### Input data ###
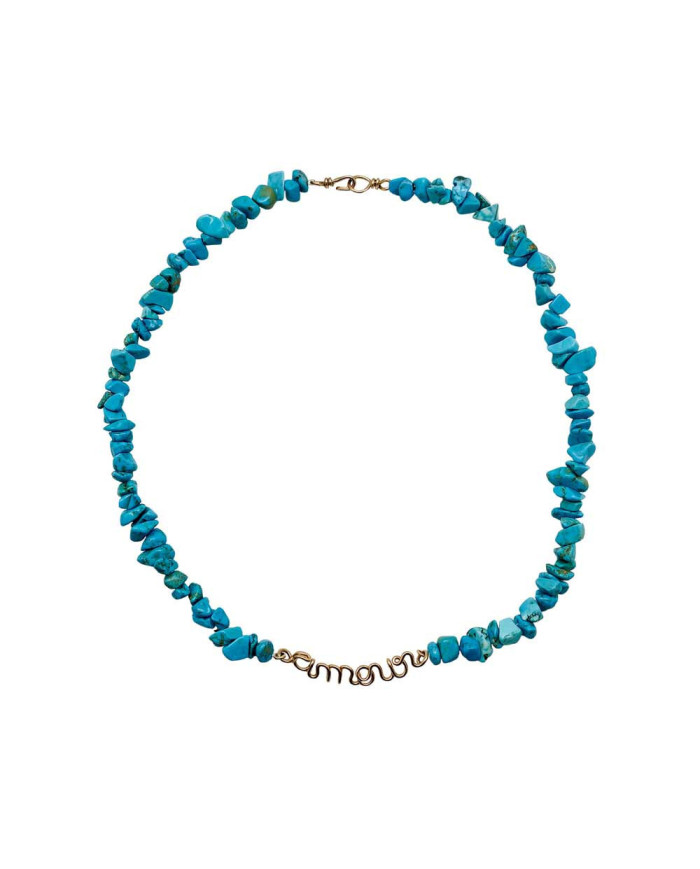 Collier "Amour" - Or & Turquoise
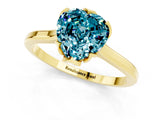Yellow gold Heart Cut Blue Topaz Solitaire Ring with Flower Prong Setting and Classic Band_37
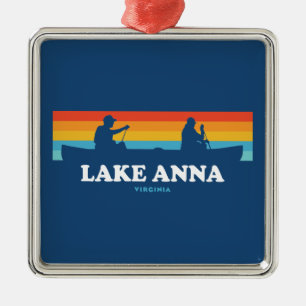Ornement Carré Argenté Lake Anna Virginia Canoë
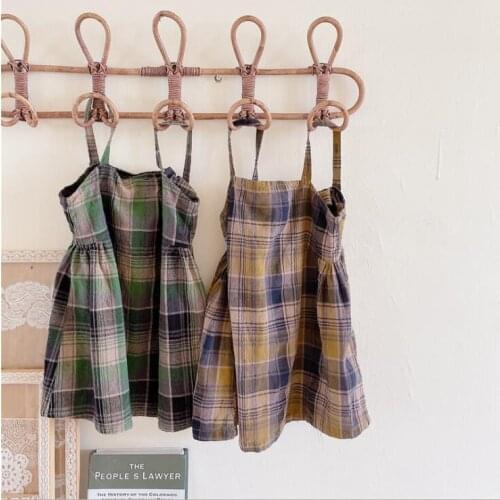 2021 Korea style girls plaid dress fashion cotton shorts sleeve summer girls dresses
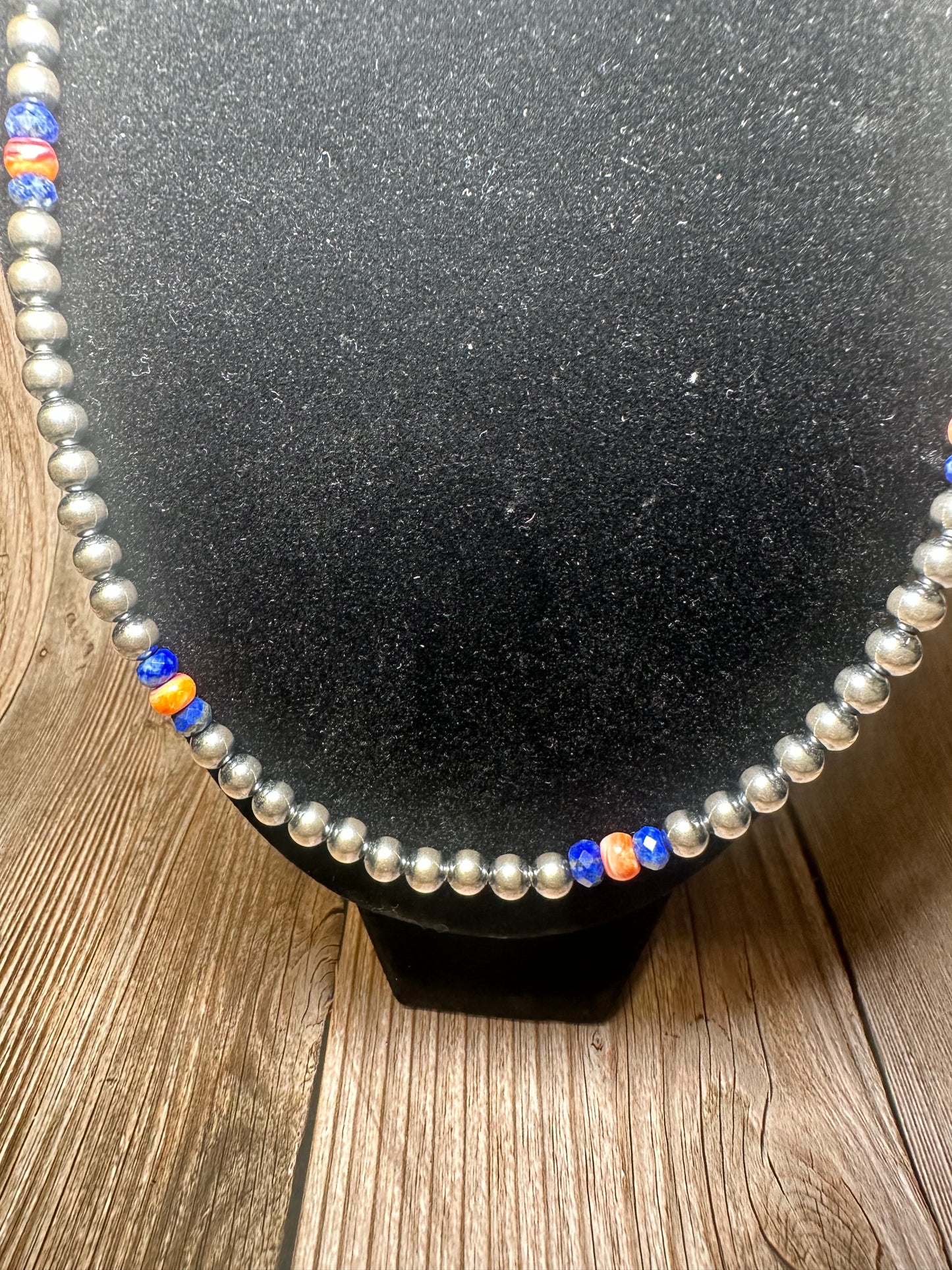 18 inch 6 mm Sterling Silver Pearls necklace lapis and spiny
###
[Problem statement] Repeat only the lines from the one holding "2021 Korea style" through the last line of the data, inclusive. Keep the pictures out.

[Solution for this task]
 2021 Korea style girls plaid dress fashion cotton shorts sleeve summer girls dresses
 18 inch 6 mm Sterling Silver Pearls necklace lapis and spiny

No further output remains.